An MoD spokeswoman said later that the trust, which was given high-profile support by Diana, Princess of Wales, had asked for help with equipment. The vehicles had been used by the Army in Bosnia.
Mr Robertson told MPs that the surplus equipment - "Volvo medium-wheel tractors" - were worth about pounds 125,000 and would "considerably increase the rate of mine-clearance and the safety of operators".
He said that the Government would soon be destroying about a million anti-personnel landmines, retaining only a small number for mine-clearance and training purposes.
Since it took office, the Government has also doubled its humanitarian de-mining programme budget to pounds 10m - available to non-government organisations, and others, for mine- clearance projects.
The Halo Trust, which will use the "tractors" in northern Afghanistan, and Angola, also operates in Cambodia, Mozambique and Chechnya.
Mr Robertson said: "I am extremely proud that this government has led the way in the campaign against anti-personnel landmines. These weapons are a blight on the face of the earth, and the sooner they are outlawed forever, the safer our world will be."

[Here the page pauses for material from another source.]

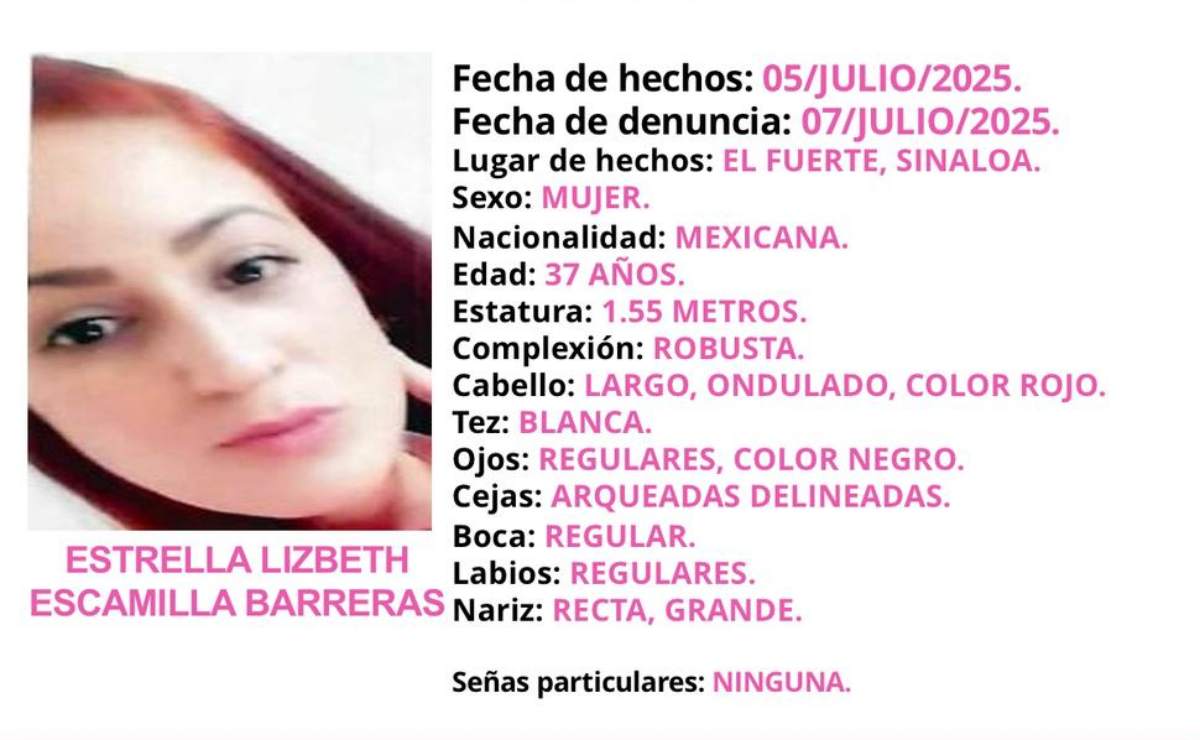 Rescatan a 6 perritos víctimas de maltrato en Venustiano Carranza y Azcapotzalco; hay un detenido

The minister also said that the Government had set up a mine information and training centre, and he added: "We will continue to use the expertise of the British Army, which is formidable, to make sure that they are able to help not only other military agencies but the civil and humanitarian charitable community with the work that they are doing, to deal with a weapons system that has damaged and killed so many millions of people."